▸ **Exercise brief**: Where does the word "Chico" occur in the data below? Copy each line that holds it.

▸ **Given entries**:
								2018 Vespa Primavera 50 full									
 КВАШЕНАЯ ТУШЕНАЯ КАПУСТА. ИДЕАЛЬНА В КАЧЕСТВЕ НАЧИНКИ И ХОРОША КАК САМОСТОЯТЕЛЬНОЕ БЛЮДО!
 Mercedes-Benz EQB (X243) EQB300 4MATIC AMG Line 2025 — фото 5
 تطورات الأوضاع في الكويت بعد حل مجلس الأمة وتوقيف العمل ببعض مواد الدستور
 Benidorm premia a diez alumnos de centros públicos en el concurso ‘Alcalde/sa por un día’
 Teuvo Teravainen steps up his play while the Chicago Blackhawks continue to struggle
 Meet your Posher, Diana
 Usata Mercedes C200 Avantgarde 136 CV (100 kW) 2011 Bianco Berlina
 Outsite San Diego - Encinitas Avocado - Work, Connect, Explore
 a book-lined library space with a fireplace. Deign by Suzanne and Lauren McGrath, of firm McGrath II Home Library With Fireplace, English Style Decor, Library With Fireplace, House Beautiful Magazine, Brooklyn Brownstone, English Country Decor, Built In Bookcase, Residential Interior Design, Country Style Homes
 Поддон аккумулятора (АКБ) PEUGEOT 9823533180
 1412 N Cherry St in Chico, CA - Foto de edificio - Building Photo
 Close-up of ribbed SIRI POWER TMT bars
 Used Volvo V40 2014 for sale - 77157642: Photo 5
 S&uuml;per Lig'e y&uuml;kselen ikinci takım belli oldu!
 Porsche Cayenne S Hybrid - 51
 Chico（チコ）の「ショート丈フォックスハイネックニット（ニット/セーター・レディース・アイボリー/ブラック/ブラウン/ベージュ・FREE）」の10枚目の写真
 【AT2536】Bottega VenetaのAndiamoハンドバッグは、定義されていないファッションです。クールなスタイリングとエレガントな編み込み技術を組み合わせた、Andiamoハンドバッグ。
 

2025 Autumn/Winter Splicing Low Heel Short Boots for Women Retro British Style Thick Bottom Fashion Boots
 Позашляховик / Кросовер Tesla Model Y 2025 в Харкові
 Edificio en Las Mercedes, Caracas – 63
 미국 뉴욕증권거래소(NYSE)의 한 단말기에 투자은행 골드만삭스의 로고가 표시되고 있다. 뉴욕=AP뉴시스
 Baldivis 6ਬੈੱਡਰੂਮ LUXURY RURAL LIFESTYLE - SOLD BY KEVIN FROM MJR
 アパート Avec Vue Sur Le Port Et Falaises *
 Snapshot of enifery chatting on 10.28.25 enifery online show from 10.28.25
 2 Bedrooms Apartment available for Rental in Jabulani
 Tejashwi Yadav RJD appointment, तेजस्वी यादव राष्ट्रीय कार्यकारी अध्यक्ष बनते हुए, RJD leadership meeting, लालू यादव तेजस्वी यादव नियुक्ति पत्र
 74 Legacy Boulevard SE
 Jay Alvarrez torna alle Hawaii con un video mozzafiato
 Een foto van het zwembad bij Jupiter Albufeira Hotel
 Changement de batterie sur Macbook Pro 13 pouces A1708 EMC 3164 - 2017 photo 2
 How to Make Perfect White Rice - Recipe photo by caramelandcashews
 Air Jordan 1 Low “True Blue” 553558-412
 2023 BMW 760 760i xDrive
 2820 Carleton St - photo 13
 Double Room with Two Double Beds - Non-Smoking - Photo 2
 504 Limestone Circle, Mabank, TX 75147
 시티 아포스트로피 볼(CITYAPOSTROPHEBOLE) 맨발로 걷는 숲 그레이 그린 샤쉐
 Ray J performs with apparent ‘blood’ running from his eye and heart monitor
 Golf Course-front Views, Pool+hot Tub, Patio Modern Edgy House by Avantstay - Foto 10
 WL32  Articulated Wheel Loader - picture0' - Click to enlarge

▸ **Answer space**:
 1412 N Cherry St in Chico, CA - Foto de edificio - Building Photo
 Chico（チコ）の「ショート丈フォックスハイネックニット（ニット/セーター・レディース・アイボリー/ブラック/ブラウン/ベージュ・FREE）」の10枚目の写真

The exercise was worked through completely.